Exercise brief >> Leave out every picture, and output exactly the lines from the line containing "Chevrolet CRUZE LS" through the last line of the data.

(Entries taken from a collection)
>>
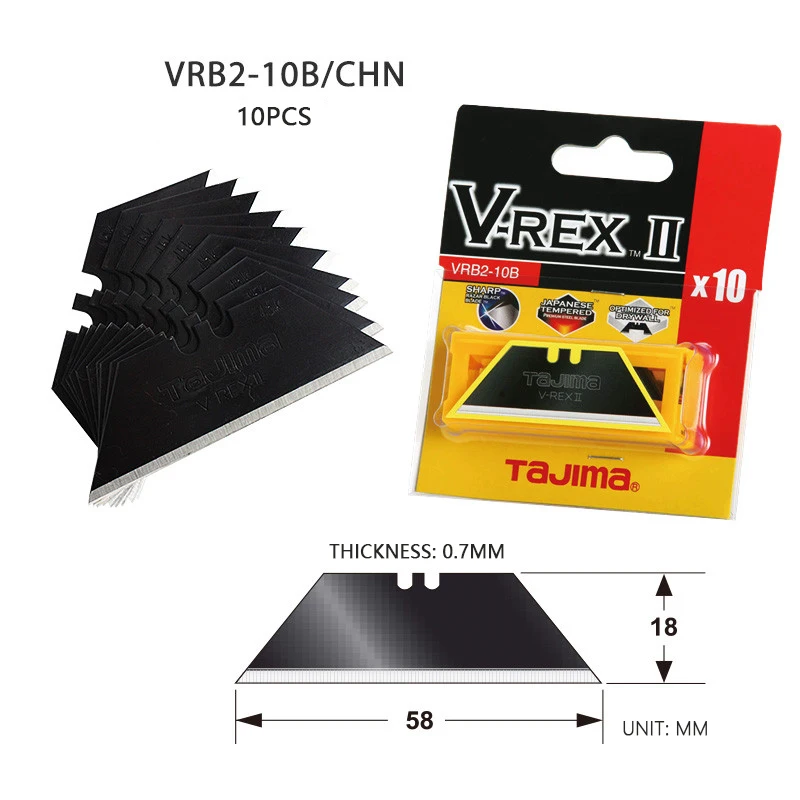 TAJIMA VRB2-10B Trapezoidal Blade Set 10PCS Heavy Duty Spare Blades for VR102B/CHN Utility Knife Black Replacement Blade Tools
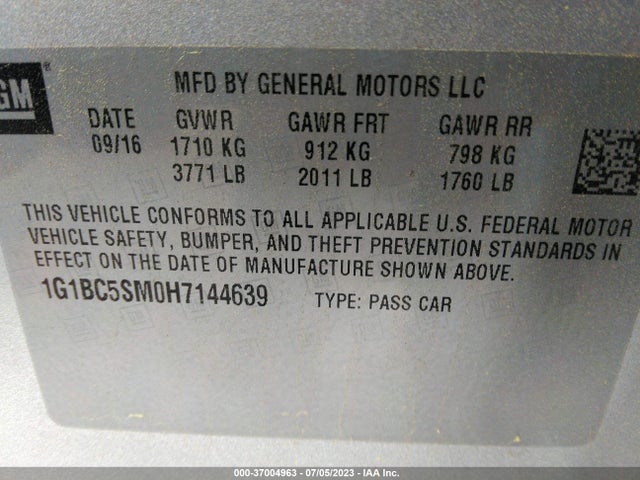 Chevrolet CRUZE LS 2017 1G1BC5SM0H7144639 Image 15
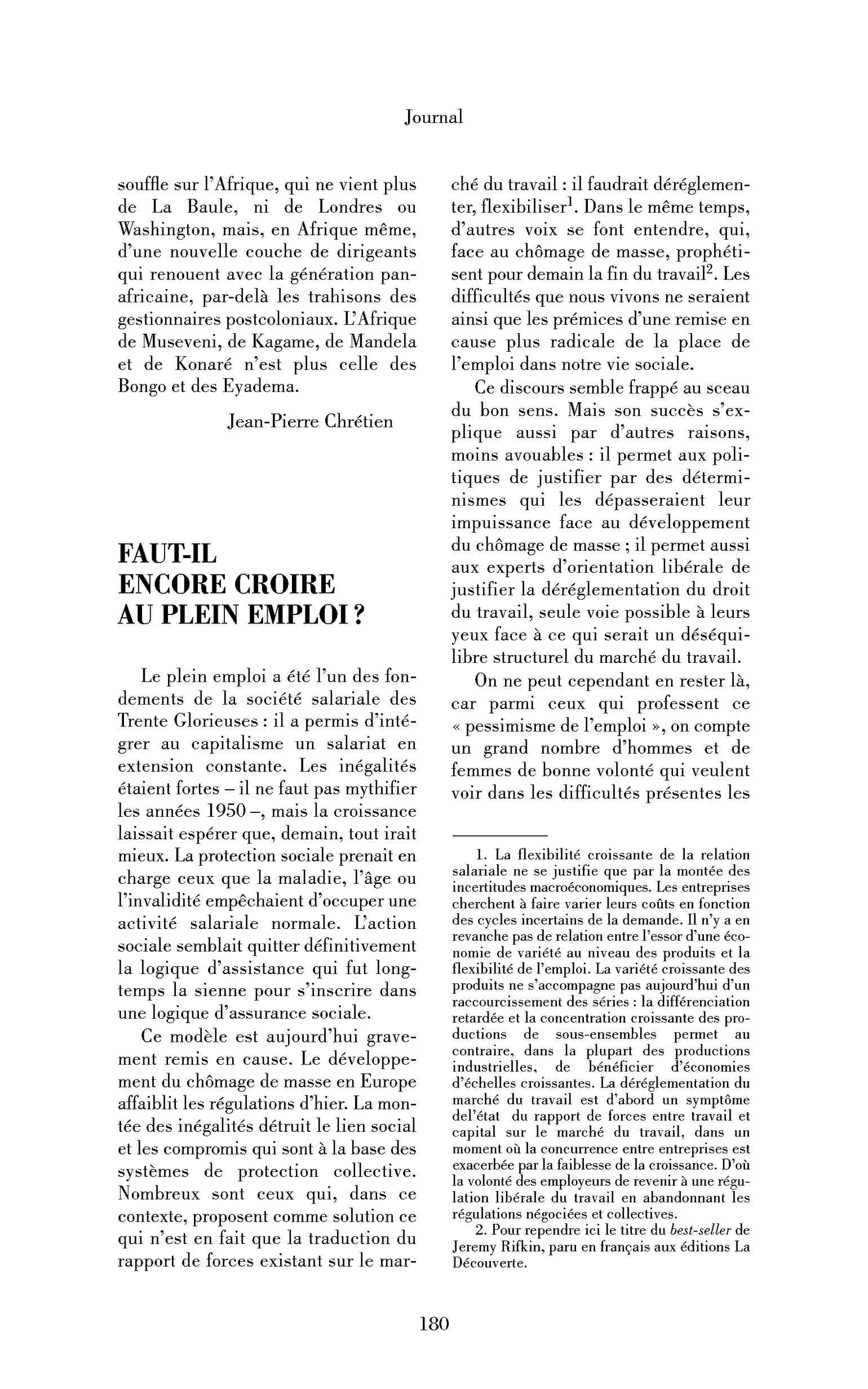 Faut-il encore croire au plein emploi?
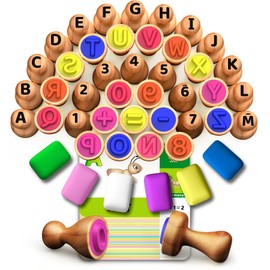 UdoUto Wooden Alphabet Number Stamp Clay Flashcards Set for Kids, Letter Stampers ABC Toys and Learning Number Stampers for Playdough, Arts and Crafts Supplies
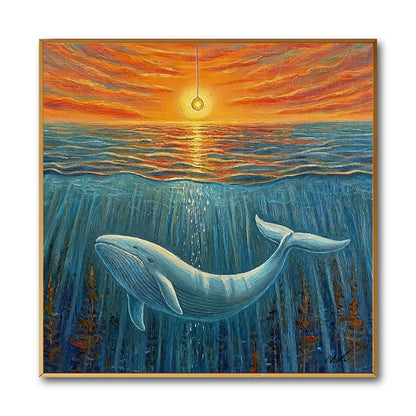 Original surrealist whale painting under a luminous orange sunset. Textured impasto art blends a warm sky and a cool blue ocean.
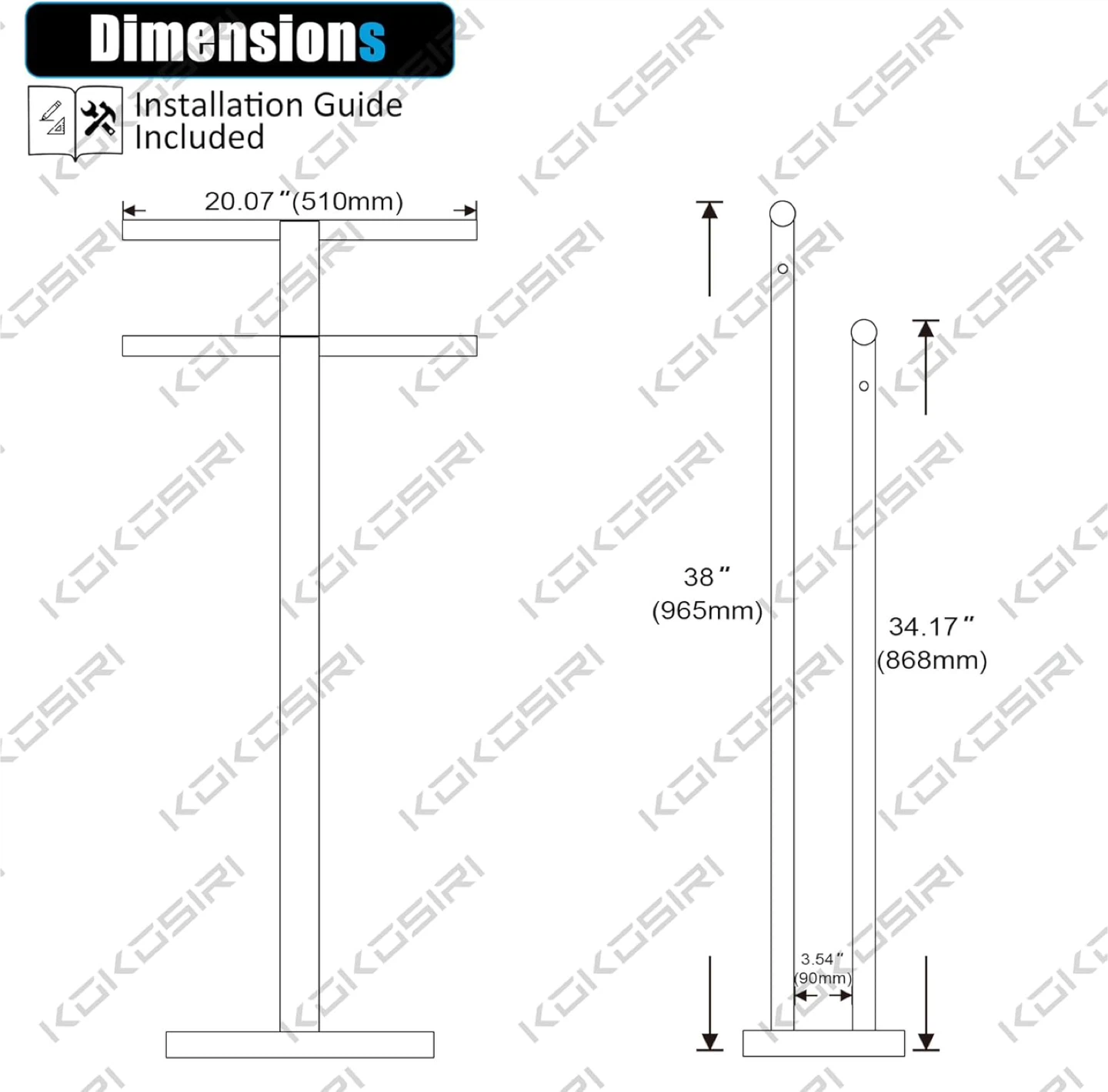 KOKOSIRI Free Standing Towel Rack - 2 Tier - BNIB - photo 2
<<
Expected answer >>
 Chevrolet CRUZE LS 2017 1G1BC5SM0H7144639 Image 15
 Faut-il encore croire au plein emploi?
 UdoUto Wooden Alphabet Number Stamp Clay Flashcards Set for Kids, Letter Stampers ABC Toys and Learning Number Stampers for Playdough, Arts and Crafts Supplies
 Original surrealist whale painting under a luminous orange sunset. Textured impasto art blends a warm sky and a cool blue ocean.
 KOKOSIRI Free Standing Towel Rack - 2 Tier - BNIB - photo 2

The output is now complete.